Through the years, James Warner had continued working at Poole-Ritchie. Rawls came back for a little while, Ritchie said, but already had plans to retire, which he soon did. In 2001, Warner passed away.

A few years later, Lewis Ritchie, Rob’s brother, left his job as a golf pro and came back to Bogalusa to work in the funeral business. Before long he persuaded his brother to come join the family business.

Now, the younger Ritchie brothers are working, learning the business, and just waiting for their elders to retire so they can buy the business, said Ritchie, noting that his father had made it clear that the business would not be handed down to he and his brother, but would be for sale.

“I’m ready,” he said, “and I know Lewis is ready. When he first came to talk to me he said it would be a five-year plan. He said, ‘Five years and they’ll retire.’

“That was nine-and-a-half years ago,” he deadpanned. “In the first five years they were working much harder because Lewis and I didn’t know anything.
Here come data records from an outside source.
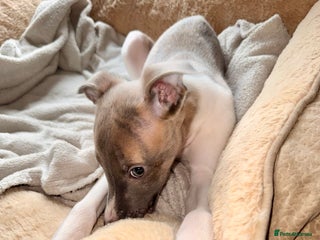 Whippet dogs ✨ONE BOY Available 31st! KC Whippet Puppies ✨ - Advert 13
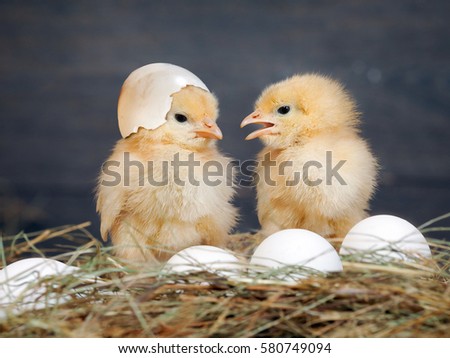 Newborn Chicks. Orange Chicks communicate with each other. Hay, white eggs. Shell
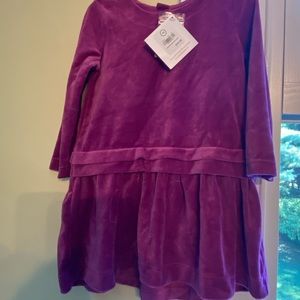 Hanna Andersson velvet dress size 90/3T NWT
Now, at least they can take time off and not have to worry about leaving it with us. Hopefully, Lewis and I will get the opportunity to buy it in the near future.

“It’s come a long way from the Livery Stable,” he said.

“It’s neat. I’ve enjoyed it. I don’t know if we’ll ever get any relief. I don’t know if I’ll talk my kids into doing it or not. Dad never talked me into it, but I’ve enjoyed it ever since I’ve been here.”